Cologne is the latest city to put restrictions on a traveling exhibition that depicts preserved bodies positioned as though they are having sexual intercourse.
Cologne's Health and Safety Department has barred the "Body Worlds: Cycle of Life" exhibition, which opens Saturday, from including the controversial works or showing them in videos or photographs. It also stipulates that visitors under 16 must be accompanied by an adult.
On Friday, "Body Worlds" creator, Gunther von Hagens called the ban inexplicable. He said it indicated "a pathetic, poor understanding of democracy" and accused city authorities of imposing their will upon the people.
The work includes four "consenting donors," and von Hagens has said that their depiction is intended to give "a deep understanding of the human body, the biology of reproduction, and the nature of sexuality."

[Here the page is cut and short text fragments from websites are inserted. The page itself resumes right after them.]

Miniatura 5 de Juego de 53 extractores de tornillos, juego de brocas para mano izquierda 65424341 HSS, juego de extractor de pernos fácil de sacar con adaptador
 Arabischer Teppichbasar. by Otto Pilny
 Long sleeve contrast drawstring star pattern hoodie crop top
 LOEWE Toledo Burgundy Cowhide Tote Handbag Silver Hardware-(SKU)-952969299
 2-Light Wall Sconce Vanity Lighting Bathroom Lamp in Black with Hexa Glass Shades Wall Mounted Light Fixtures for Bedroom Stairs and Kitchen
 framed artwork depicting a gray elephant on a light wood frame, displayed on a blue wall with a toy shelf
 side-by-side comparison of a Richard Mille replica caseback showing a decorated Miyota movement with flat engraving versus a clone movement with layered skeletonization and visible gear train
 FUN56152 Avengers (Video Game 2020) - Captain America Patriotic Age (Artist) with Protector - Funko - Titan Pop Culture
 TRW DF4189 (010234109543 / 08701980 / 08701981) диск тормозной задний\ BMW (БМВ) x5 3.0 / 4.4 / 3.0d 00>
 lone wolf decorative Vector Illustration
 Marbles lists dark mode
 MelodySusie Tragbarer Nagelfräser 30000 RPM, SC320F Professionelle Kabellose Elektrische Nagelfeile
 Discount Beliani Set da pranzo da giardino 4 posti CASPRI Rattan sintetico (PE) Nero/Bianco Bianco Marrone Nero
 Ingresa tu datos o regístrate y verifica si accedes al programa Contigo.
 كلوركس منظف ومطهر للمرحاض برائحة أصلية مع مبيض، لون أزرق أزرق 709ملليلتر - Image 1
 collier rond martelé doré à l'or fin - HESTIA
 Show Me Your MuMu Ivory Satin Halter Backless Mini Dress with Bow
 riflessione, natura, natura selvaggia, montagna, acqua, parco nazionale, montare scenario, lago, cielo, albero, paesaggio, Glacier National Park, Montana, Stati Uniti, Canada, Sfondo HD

The exhibit has faced particular criticism from the city's religious community. The Catholic Church has condemned it as a desecration of the human body.
Body Worlds founder Gunther von Hagens has called Cologne's ban "pathetic."
"They are literally displayed as objects," said Christoph Heckeley, a spokesman for Cologne's archbishop, Cardinal Joachim Meisner. "By doing so, voyeurism is given a veneer of scientific interest."
The Association of Protestant Churches for the Cologne area said in a statement that von Hagens' work takes the human body, "severs it from its soul, and turns it into something for show-and-tell."
This isn't the first time that von Hagens' latest creations have faced controversy. The copulating corpses were also banned in Augsburg and Zürich. And "Body Worlds" has had to defend itself from past allegations that it may have used the corpses of executed prisoners from China for its exhibits. Von Hagen has maintained that all of his specimens came from people who voluntarily donated their bodies for educational and scientific purposes.
The bodies are preserved using a process, designed by von Hagens, in which a synthetic polymer replaces the fats and fluids in the human body.
The exhibition runs until January 31, 2010.